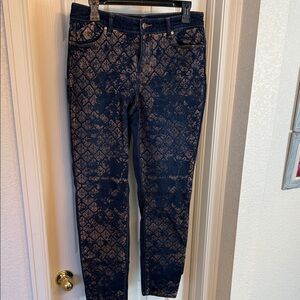 Chico's Navy and Tan Floral Jacquard Skinny Jeans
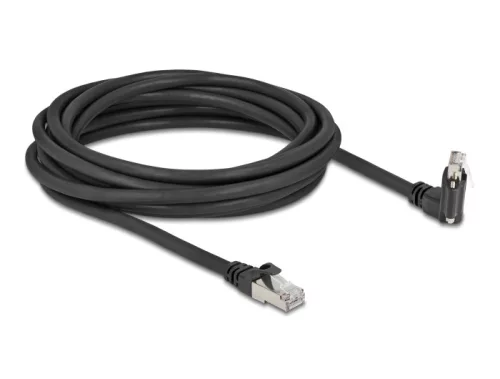 Delock GigE kamera kábel RJ45 apa 45 -ban elcsavart és 90 -ban hajlított szögekkel - RJ45 apa Cat.6 S/FTP 5 m fekete (DL-80920)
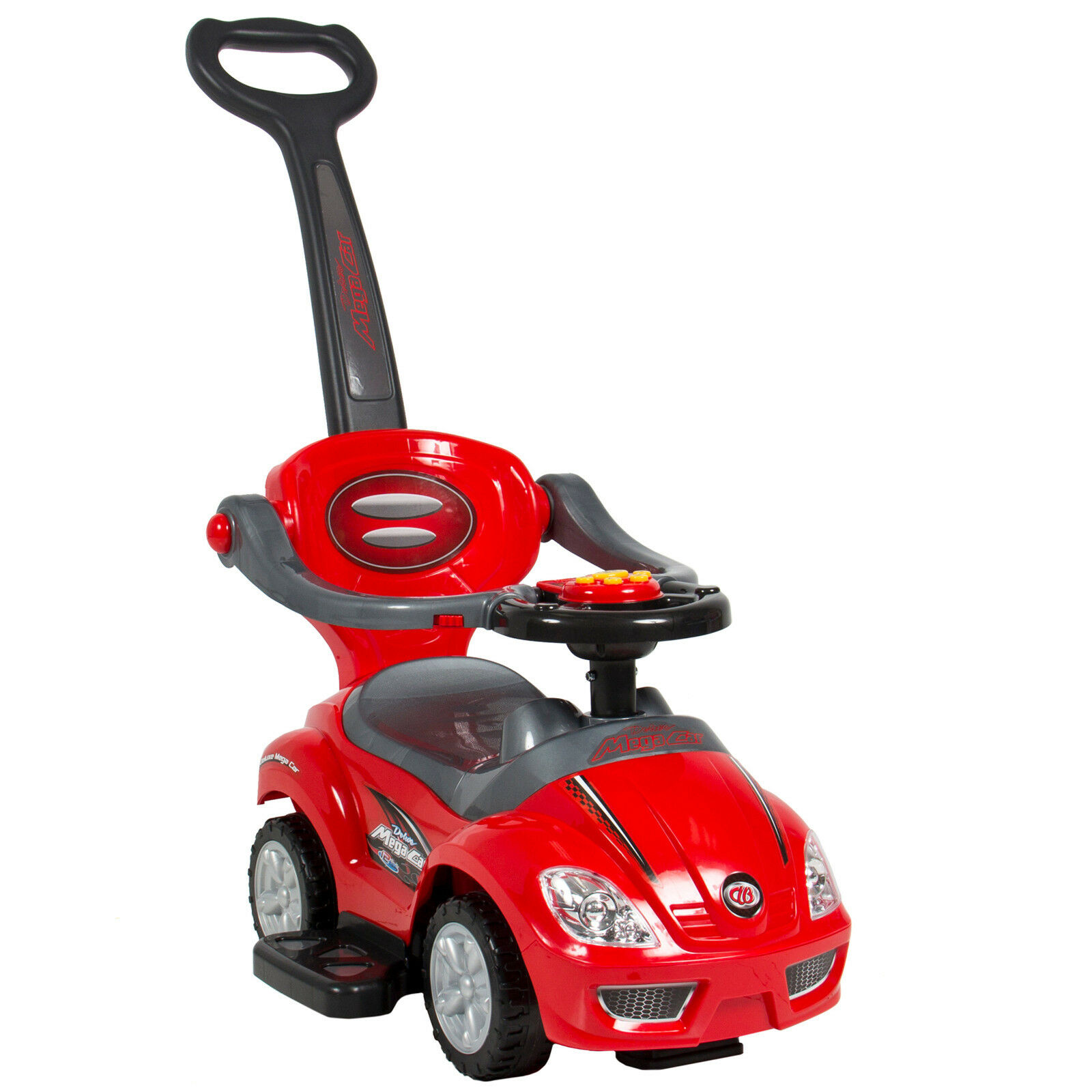 Deluxe Mega 3 In 1 Car Children's Toy Stroller & Walker In Red W/ Working Horn!!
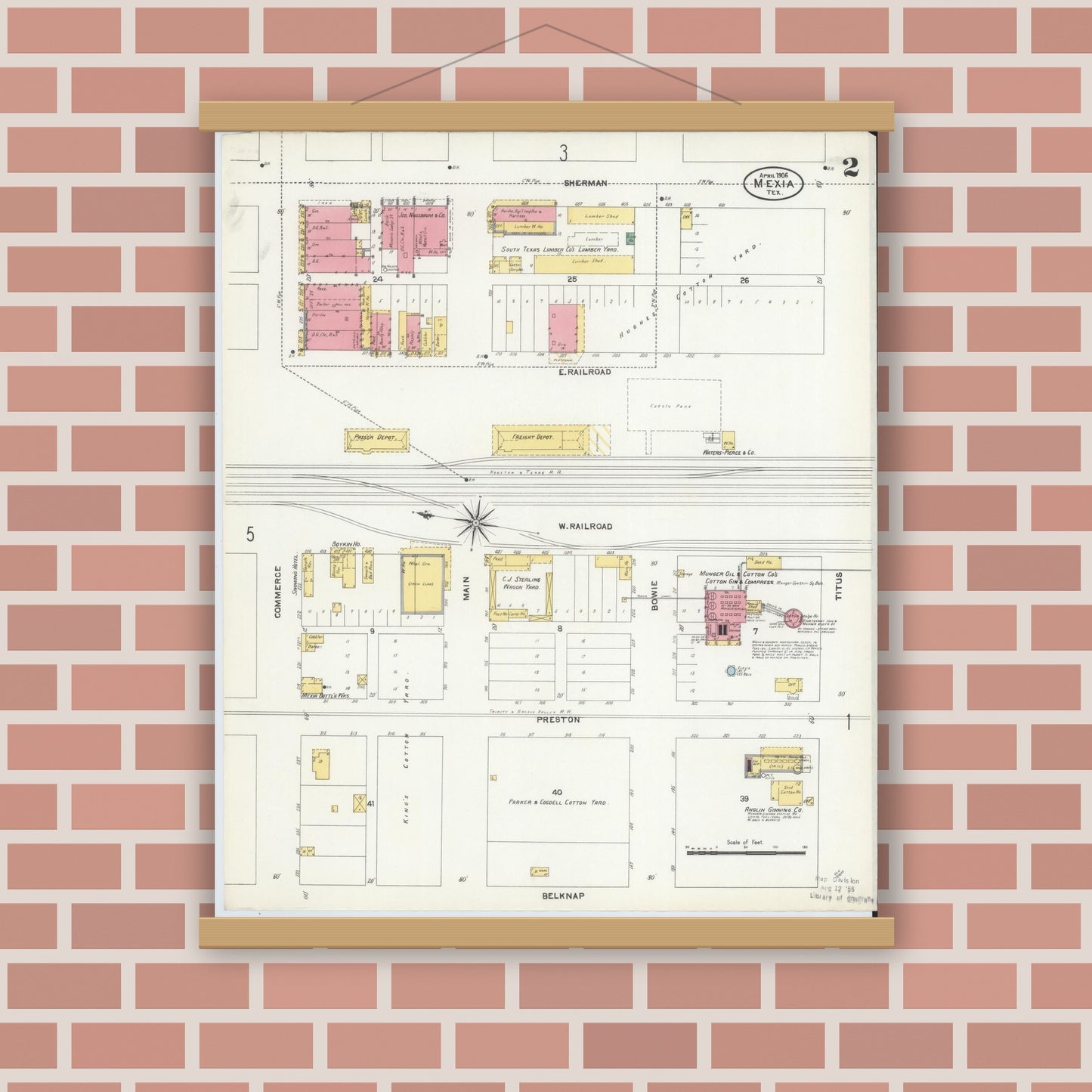 Old map wall art mockup — magnetic wood frame on brick wall — Sanborn Fire Insurance Map from Mexia, Limestone County, Texas (1906), Sheet #0002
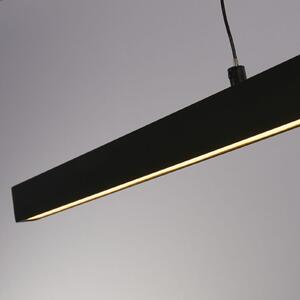 Searchlight Lampă suspendată cu LED Layla, liniară, neagră, reglabilă pe înălțime, CCT, reglabil, Negru, Camera de zi / sufragerie, Aluminiu, Modern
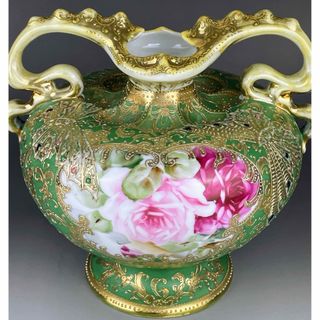 オールドノリタケ 高まる 金盛りエナメルジュール風景絵 大 オールドノリタケ 高まる 金盛りエナメルジュール風景絵 大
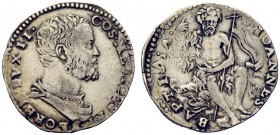 MONETE ITALIANE
FIRENZE
Cosimo I de'Medici, 1536-1574. Testone da 40 soldi o 3 barili. Ar gr. 9,15 COS MEDICES R P FLOREN DVX II Busto adulto, barbu...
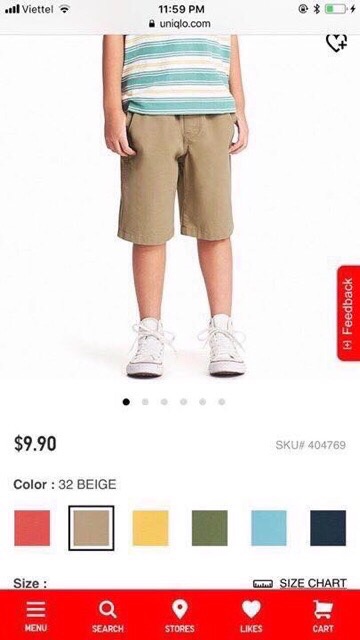 Quần kaki uniqlo bé trai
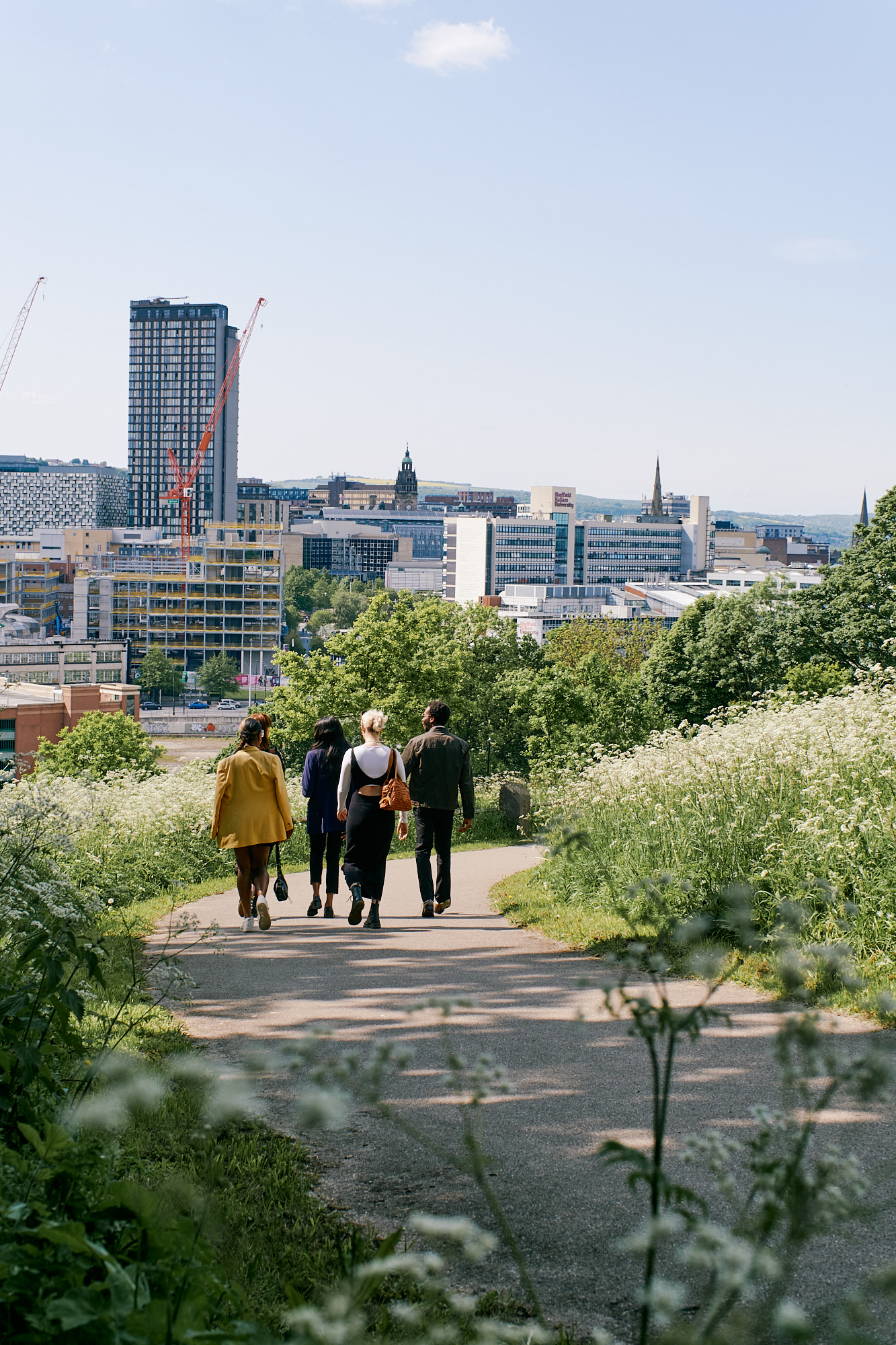 Group pf people walking down from Cholera Monument 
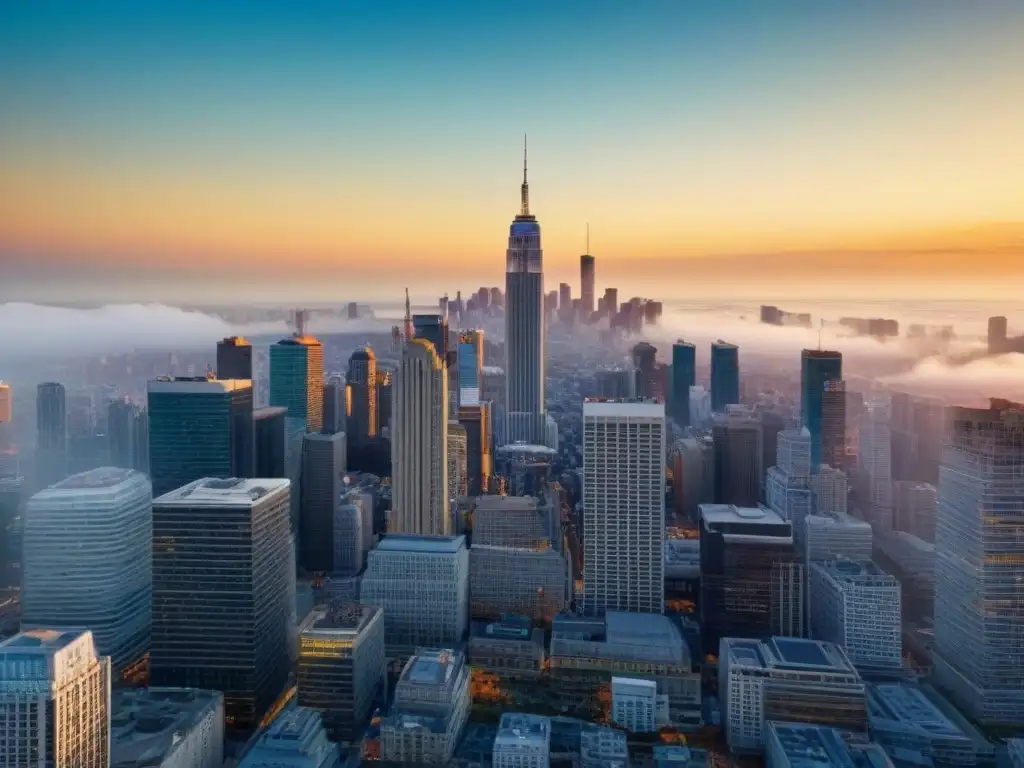 Vista aérea de ciudad financiera global con rascacielos y gente Vista aérea de ciudad financiera global con rascacielos y diversa arquitectura, gente en trajes de negocios y vida urbana vibrante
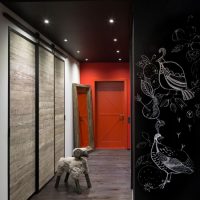 Conception de couloir avec plafond noir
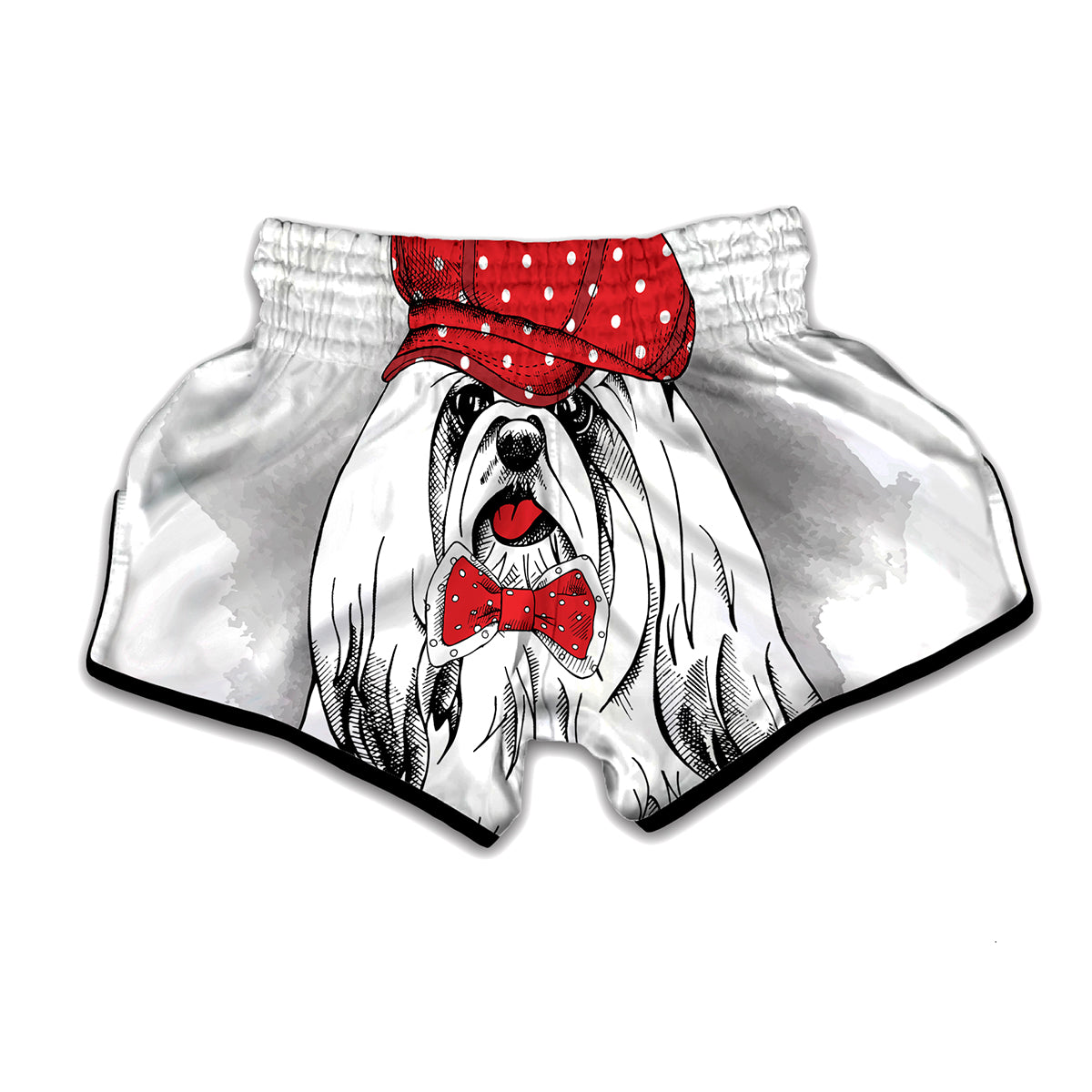Red Cap Yorkshire Terrier Print Muay Thai Boxing Shorts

-.-.-

**Problem to solve**.
Reproduce every line of the data above, exactly as it stands, but not the pictures.

**Exercise output**.
 Chico's Navy and Tan Floral Jacquard Skinny Jeans
 Delock GigE kamera kábel RJ45 apa 45 -ban elcsavart és 90 -ban hajlított szögekkel - RJ45 apa Cat.6 S/FTP 5 m fekete (DL-80920)
 Deluxe Mega 3 In 1 Car Children's Toy Stroller & Walker In Red W/ Working Horn!!
 Old map wall art mockup — magnetic wood frame on brick wall — Sanborn Fire Insurance Map from Mexia, Limestone County, Texas (1906), Sheet #0002
 Searchlight Lampă suspendată cu LED Layla, liniară, neagră, reglabilă pe înălțime, CCT, reglabil, Negru, Camera de zi / sufragerie, Aluminiu, Modern
 オールドノリタケ 高まる 金盛りエナメルジュール風景絵 大 オールドノリタケ 高まる 金盛りエナメルジュール風景絵 大
 MONETE ITALIANE
FIRENZE
Cosimo I de'Medici, 1536-1574. Testone da 40 soldi o 3 barili. Ar gr. 9,15 COS MEDICES R P FLOREN DVX II Busto adulto, barbu...
 Quần kaki uniqlo bé trai
 Group pf people walking down from Cholera Monument 
 Vista aérea de ciudad financiera global con rascacielos y gente Vista aérea de ciudad financiera global con rascacielos y diversa arquitectura, gente en trajes de negocios y vida urbana vibrante
 Conception de couloir avec plafond noir
Red Cap Yorkshire Terrier Print Muay Thai Boxing Shorts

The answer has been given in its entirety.